Moving in, John soon has friends and neighbours gathered round the kitchen table for discussions of what's to be done about the homosexuals and paedophiles he despises. He's a master manipulator of prejudices and resentments, and these extraordinary scenes offer a sobering demonstration of the workings of demagoguery on the domestic level. Like a rabble-rousing TV chat-show host, John gives everyone a turn at expressing their violent fantasies, then picks out dissenters, implicitly identifying potential victims in the fold. Henshall's portrayal of John is quietly terrifying – beaming an encouraging drinking-buddy smile one moment, the next suggesting homicidal rage behind a placid mask.
It soon emerges that John likes to put his threats into action.
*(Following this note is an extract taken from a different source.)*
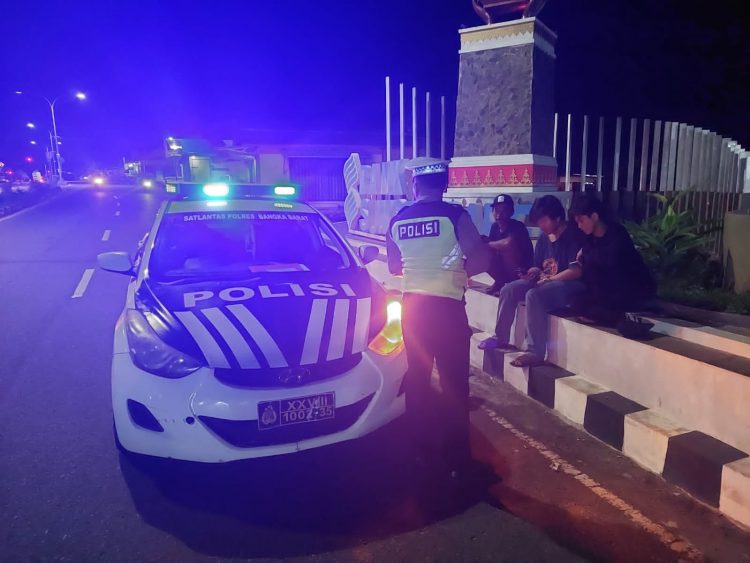 Anggota Sat Lantas Polres Bangka Barat melaksanakan patroli Blue Light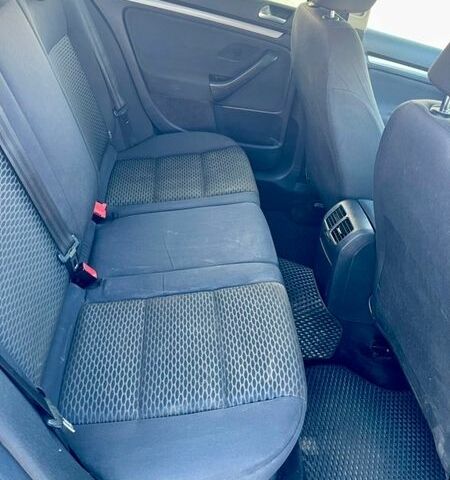 Серый Фольксваген Гольф, объемом двигателя 1.6 л и пробегом 340 тыс. км за 6750 $, фото 22 на Automoto.ua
And eventually, Jamie finds himself participating in the violence, in the scene that's hardest to watch – a bloody execution in the family bathroom. The killing is directed with painstaking precision by John, and finished off by Jamie; the ecstatic release on the boy's face is one of the most shocking things here.
The film's milieu – the deprived margins of working-class Australia – is photographed with intense quasi-documentary roughness by Adam Arkapaw. But the squalor in this world shows its scars not so much in the trash-strewn streets and mouldering sofas as in the variously dead and angry eyes of the people, who – apart from experienced actor Henshall – are all for real. Kurzel shot his film in the area where the events happened, and cast it with local non-professionals. Everyone looks as if they've seen their share of frosty mornings: a haggard transvestite resembling Freddie Starr in a nightie and tattoos; John's silent lieutenant, a hatchet-faced, tracksuited embodiment of death; and Elizabeth, delicately played by Louise Harris who, for whatever reason, has seen the lower half of a handsome face crumble into battle-weary dereliction.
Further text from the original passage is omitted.